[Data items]
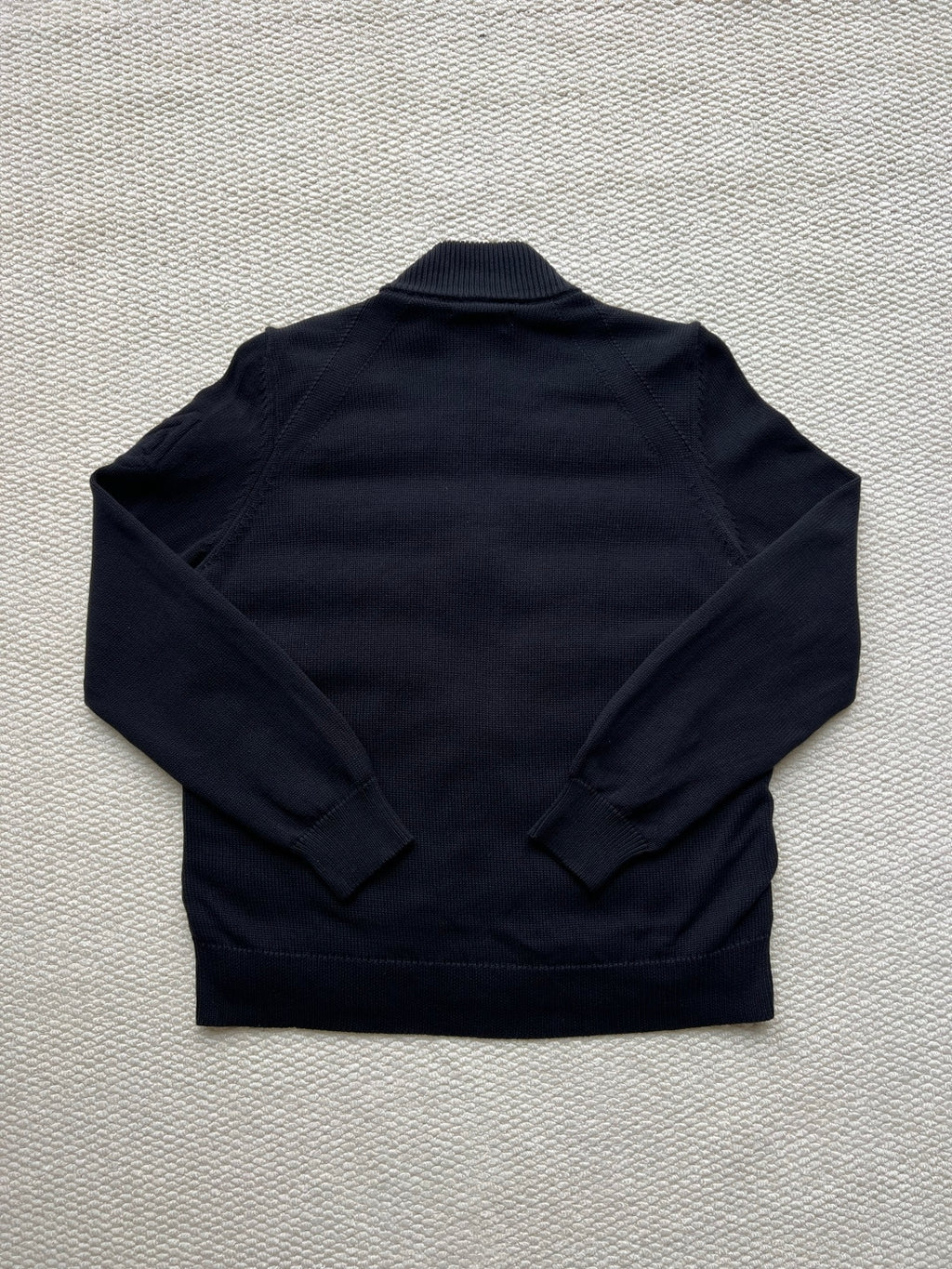 Moncler long puffer jacket, knit stand collar and long sleeves, dark navy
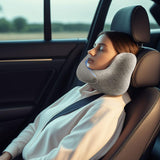 Cervical Travel Pillow Memory Foam Soft Breathable with Storage Bag – With Bag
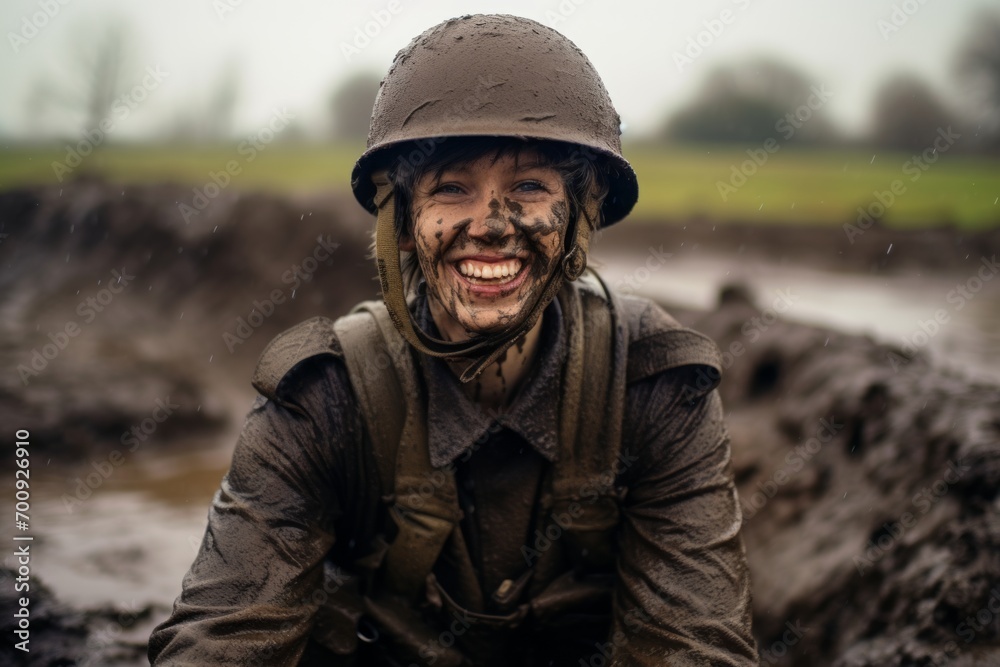 Portrait of a man in WW2 German military uniform in the rain Portrait of a man in WW2 German military uniform in the rain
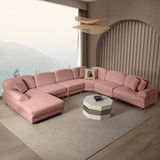 Eymense Aries Yataklı Sandıklı Modüler U Köşe Koltuk Takımı Sol Köşe Pudra Pembe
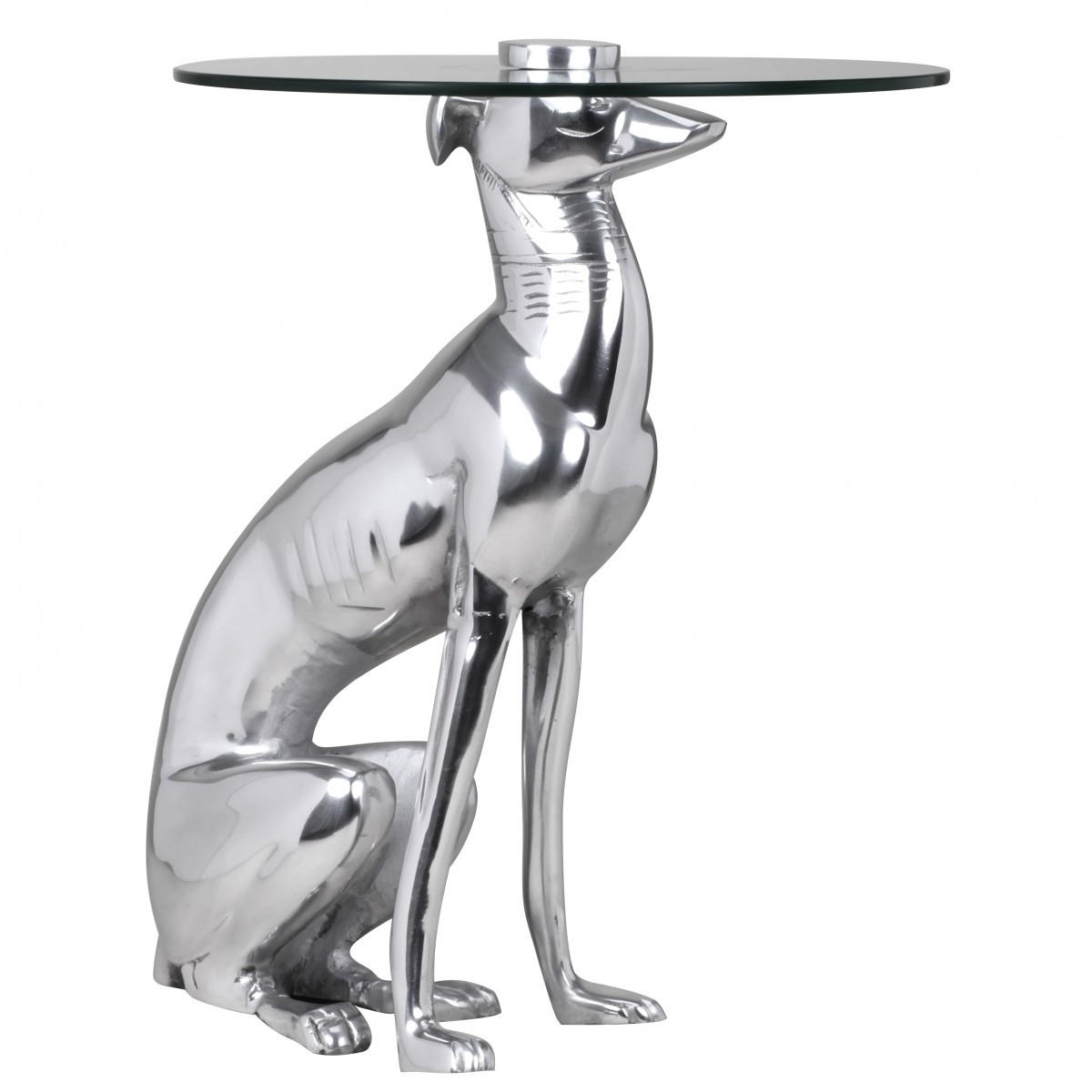 BEISTELLTISCH – Aluminium Glas Silber Skulptur Windhund 55x40 cm handgefertigt - Silberfarben, Glas/Metall (40/40/50cm) - KADIMA DESIGN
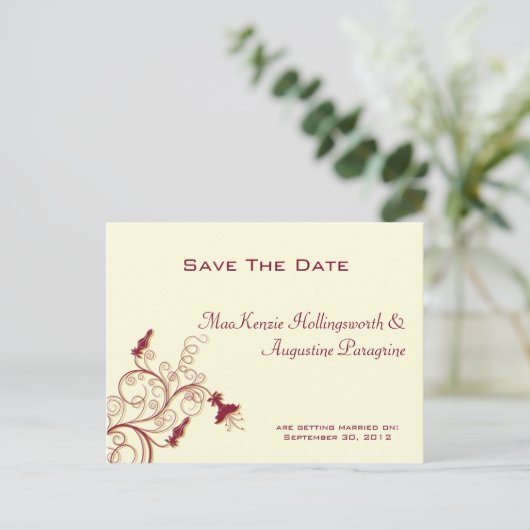 Donkerrode en gouden wervelingen redden de datum aankondigingskaart (Staand voorkant)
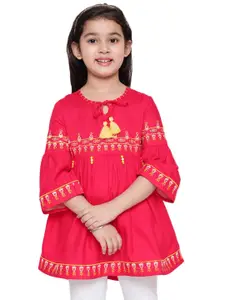 BAESD Ethnic Motifs Embroidered Tie Up Neck Bell Sleeves Kurti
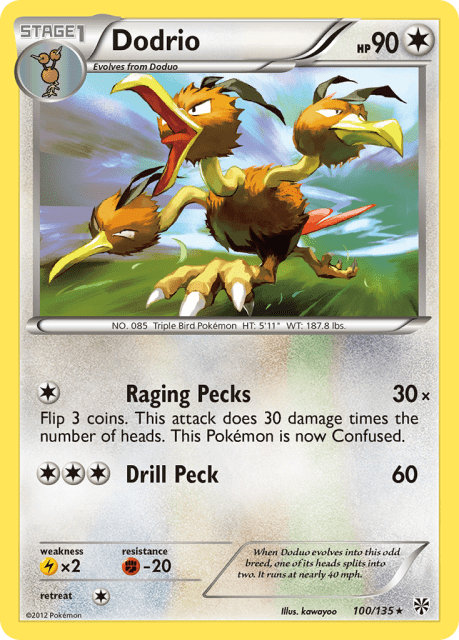 Dodrio (Reverse Holofoil) (100) — Plasma Storm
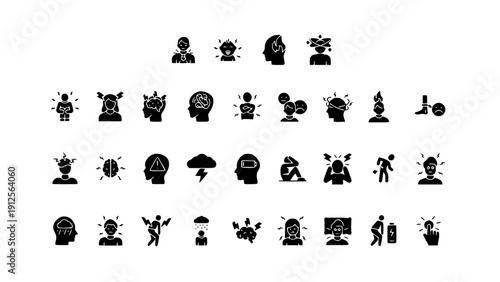 An icon set representing startup growth, planning, marketing strategy, and business development themes.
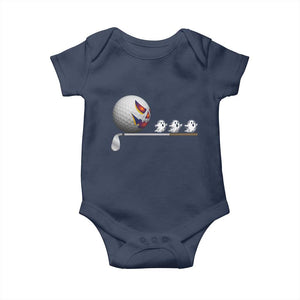 Funny Halloween Golf Pumpkin Chasing Ghost Gift Baby Onesie TS12 Navy Print Your Wear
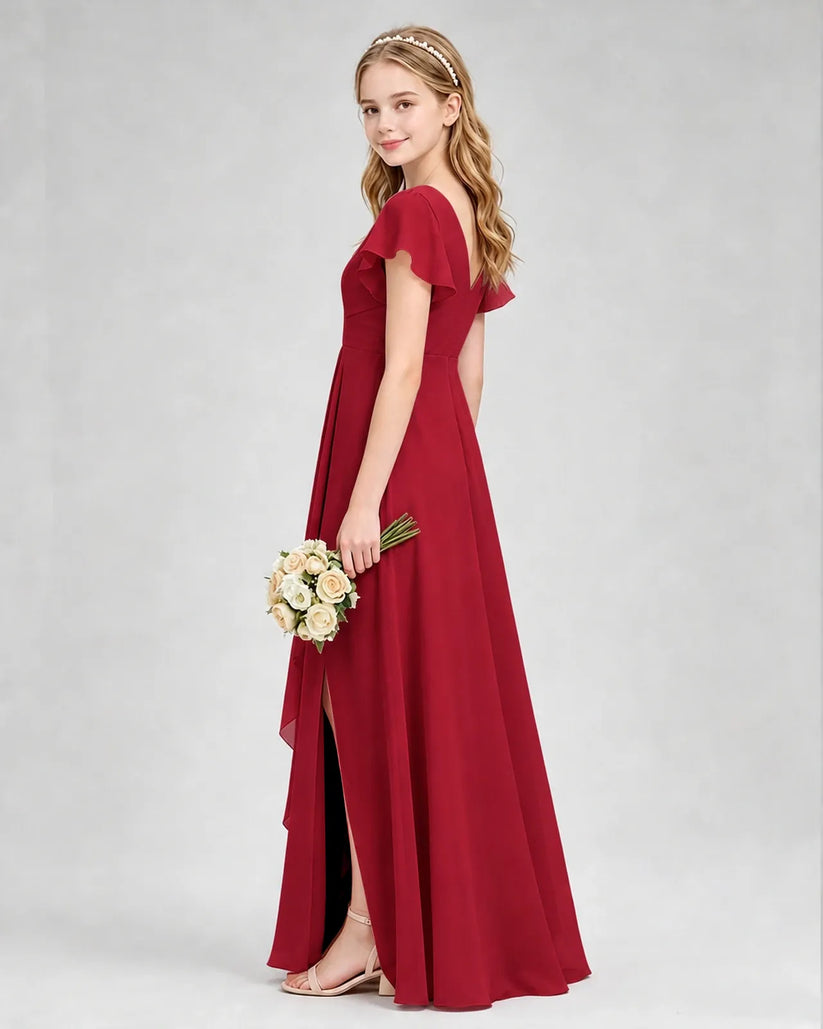 Burgundy Chiffon A-line Junior Bridesmaid Dress Side View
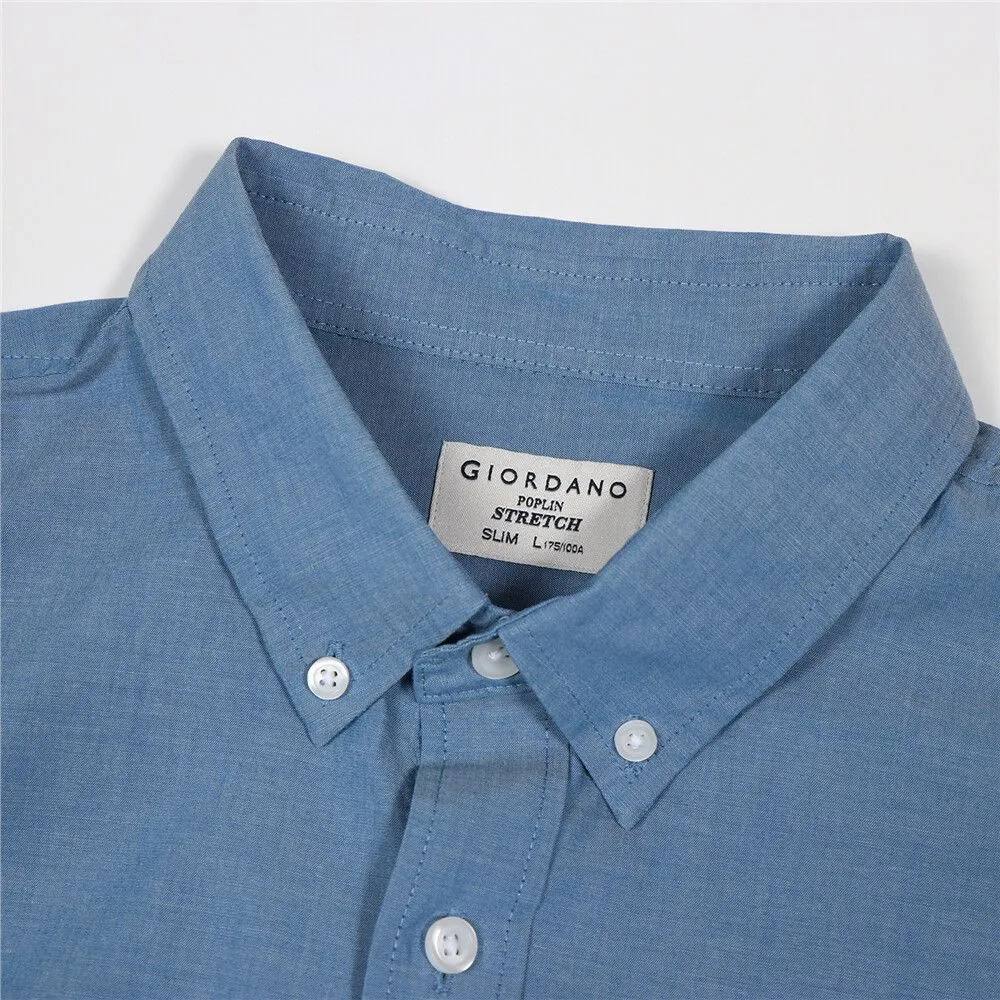 GIORDANO Light blue Men's Stretch Long Sleeve Slim Button Front Shirt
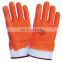 Cotton Foam Warm Lined Fluorescence Orange Color Safety Cuff PVC Sandy Fully Coated Acid-based Resistant Wholesale Gloves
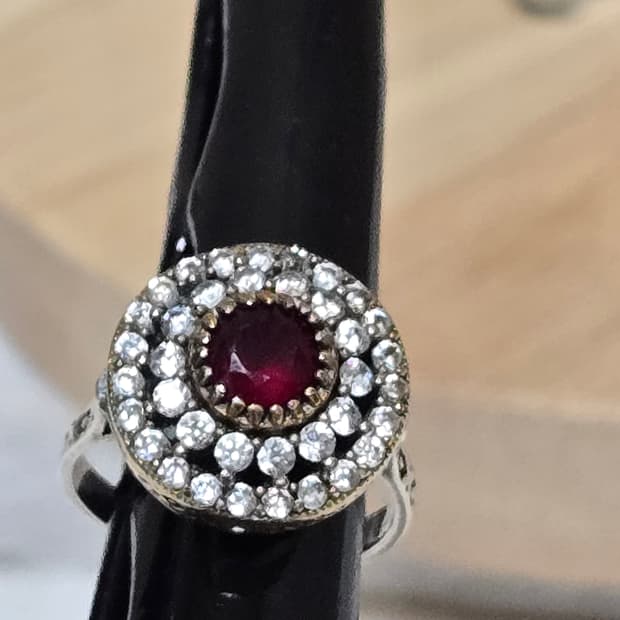 중동 빈티지 루비 헤일로 반지 / Oman 중동 빈티지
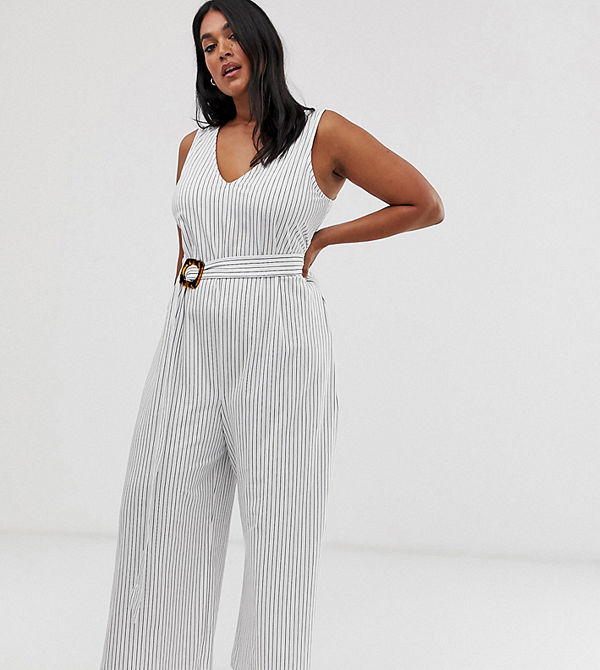 ASOS Curve Randig jumpsuit med v-ringning och skärp Rand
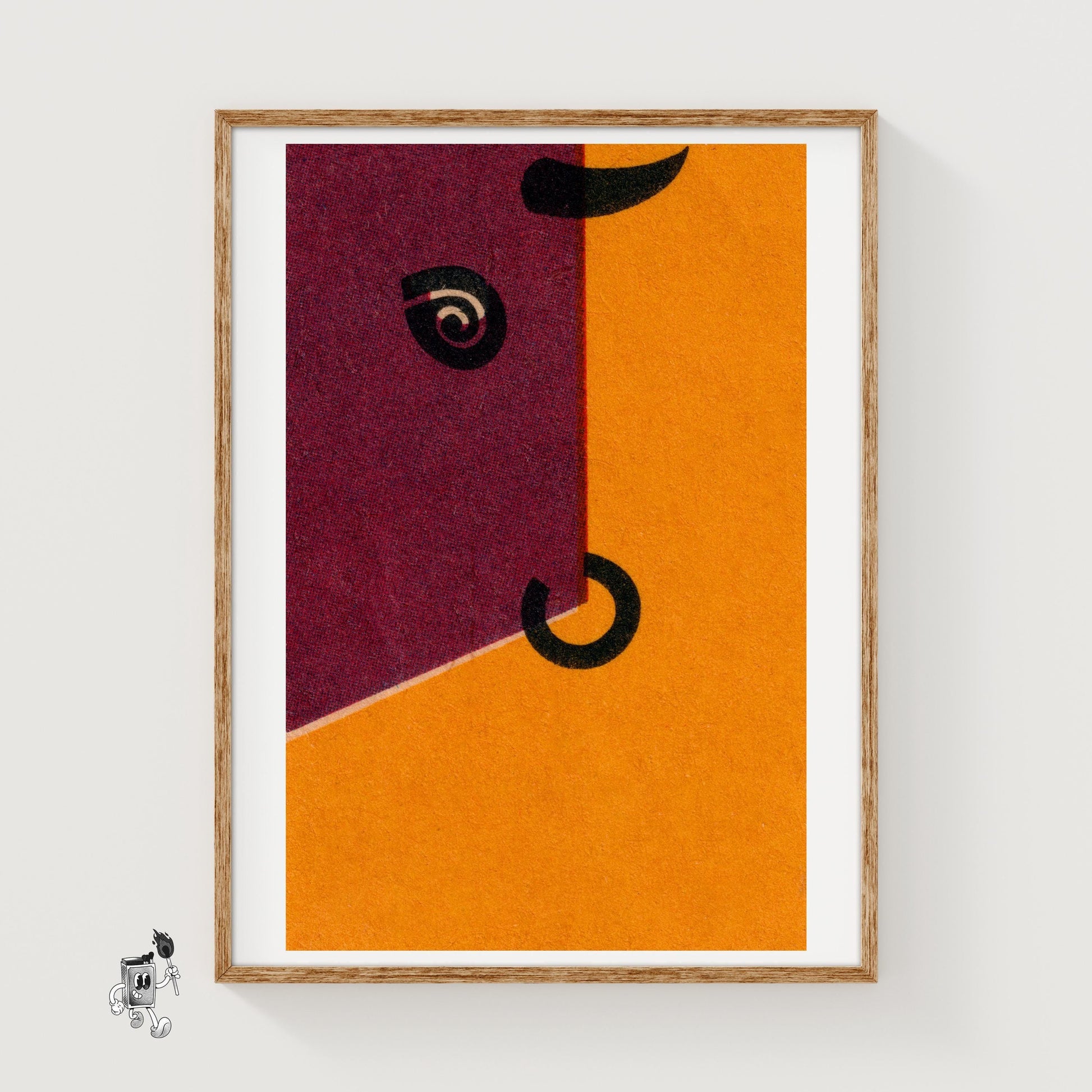 Bull - vintage matchbox label print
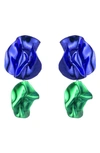 Sterling King Flashback Fold Drop Earrings In Cobalt Emerald
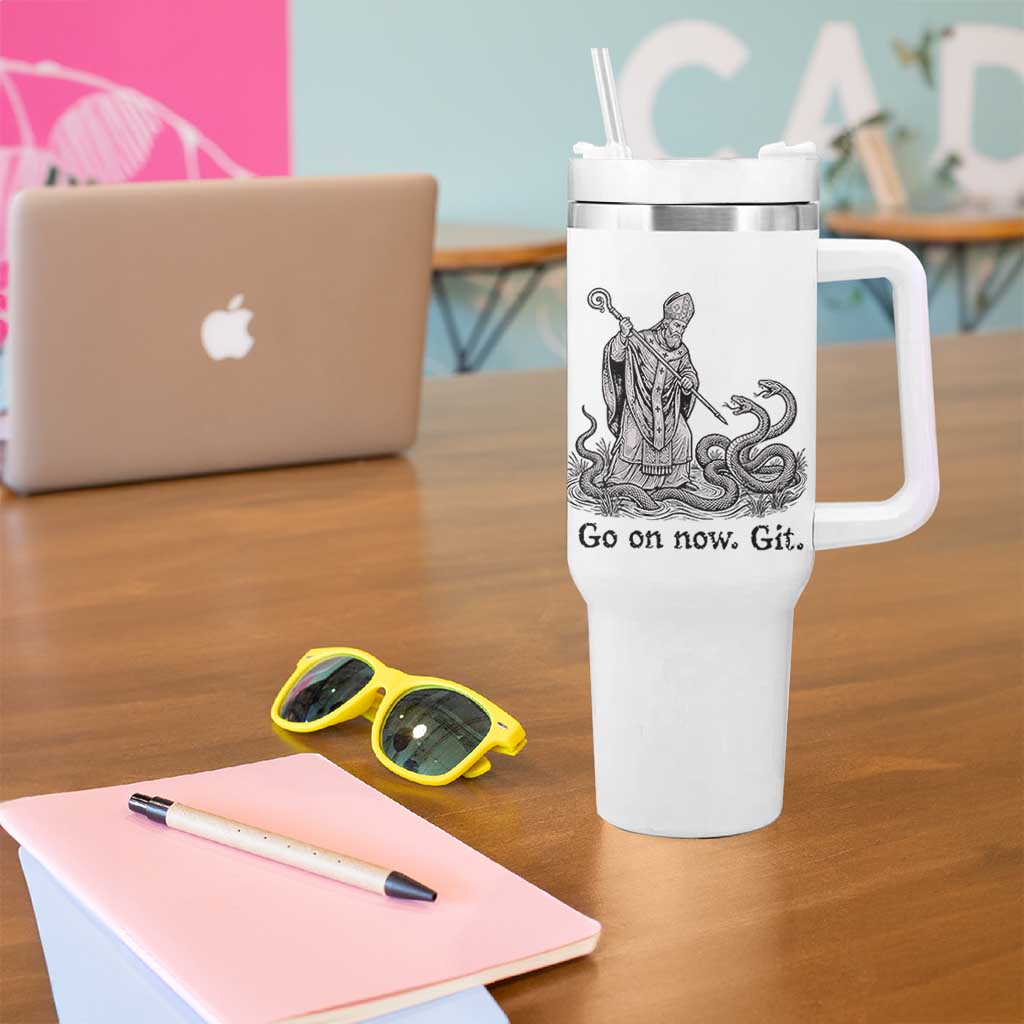 Go On Now Git Funny Saint Patrick Banishing Snakes Tumbler With Handle Irish History Humor St Patricks Day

_Problem_
Your answer must be the lines from the one containing "ASOS Curve Randig" through the final line of the entries, duplicated exactly, with both ends kept and all pictures left out.

_Solution to the exercise_
 ASOS Curve Randig jumpsuit med v-ringning och skärp Rand
 Bull - vintage matchbox label print
 Sterling King Flashback Fold Drop Earrings In Cobalt Emerald
 Go On Now Git Funny Saint Patrick Banishing Snakes Tumbler With Handle Irish History Humor St Patricks Day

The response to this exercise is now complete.